Below, we'll talk about how to know what pages the Oncrawl bot can find, what pages it will crawl, and what pages it analyzes.
What types of pages does the Oncrawl bot know about?
The Oncrawl bot knows the following pages exist:
Any pages that are linked to or from a known page, even if the link is a nofollow link.
These are all pages in the site structure created by internal links.Any pages that are listed in additional sources: sitemaps, data ingestion files, or connected datasets (Google Analytics, Adobe Analytics, Piano Analytics (AT Internet), Majestic backlinks, Google Search Console, log data...).
Some of these pages might not be part of the site structure created by internal links.
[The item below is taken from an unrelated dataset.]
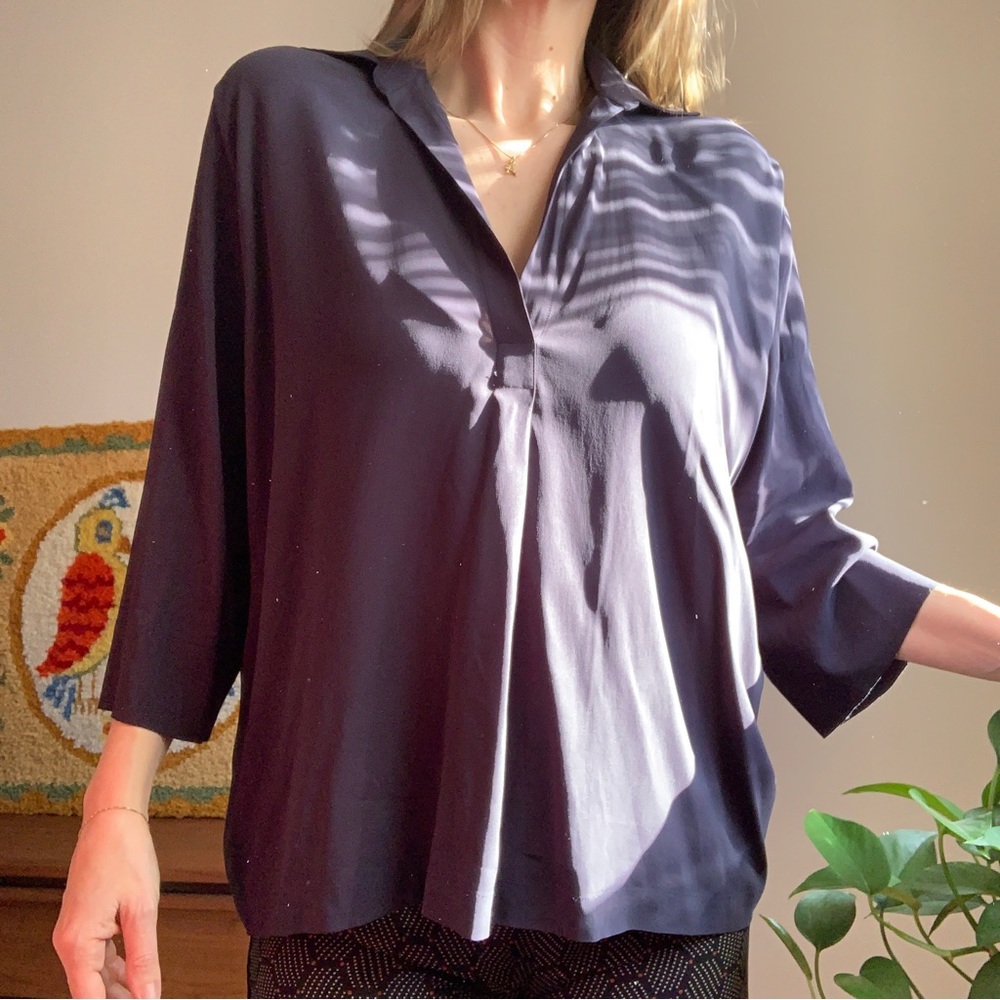 Vince V-Neck Navy Minimalist Blouse Size XS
In this case, they are called orphan pages.
Unless they appear in additional sources, the Oncrawl bot does not know about pages in directories that are denied to robots in the robots.txt file.
What types of pages are crawled by the Oncrawl bot?
Just because the Oncrawl bot has learned a page exists doesn't mean it will be crawled.
We crawl pages that fall within the scope of the crawl setup and that don't forbid bots via robots.txt (or a virtual robots.txt, if you use one). This might include:
HTML pages in your domains' site structure, up to the page depth and number of URLs used as crawl limits
HTML pages in subdomains, if you checked crawl subdomains
HTML pages with a meta noindex tag (as a reminder, these pages can be crawled, but not indexed by search engine bots), pages with HTTP error status codes, canonicalized pages...
This behavior can be modified when setting up a crawl, in the Crawler behavior section.
We fetch, or retrieve information for all of the pages we crawl. In the Data Explorer, you can find information about the crawl by adding columns related to the Oncrawl bot, such as:
Fetch status: whether or not the bot received a response
Fetch date: the date and time of the bot hit on the page
What types of pages are analyzed in the crawl results dashboards and charts?
Most of the Oncrawl charts are based on compliant pages:
The page's meta robots tags allow the page to be indexed.
The page's HTTP status code is OK (200).
The page has no canonical URL or is its own canonical URL.
The page is an HTML page (as opposed to a resource, such as a CSS file or an image file).
You can check what pages are included in a chart by clicking on the chart to see the Oncrawl Query Language filter in the Data Explorer that corresponds to the chart.
What information is retrieved for an analyzed page?
All of the information Oncrawl obtains about a page is available on the URL details page. You can find this page under Tools at the bottom of the sidebar in any crawl report.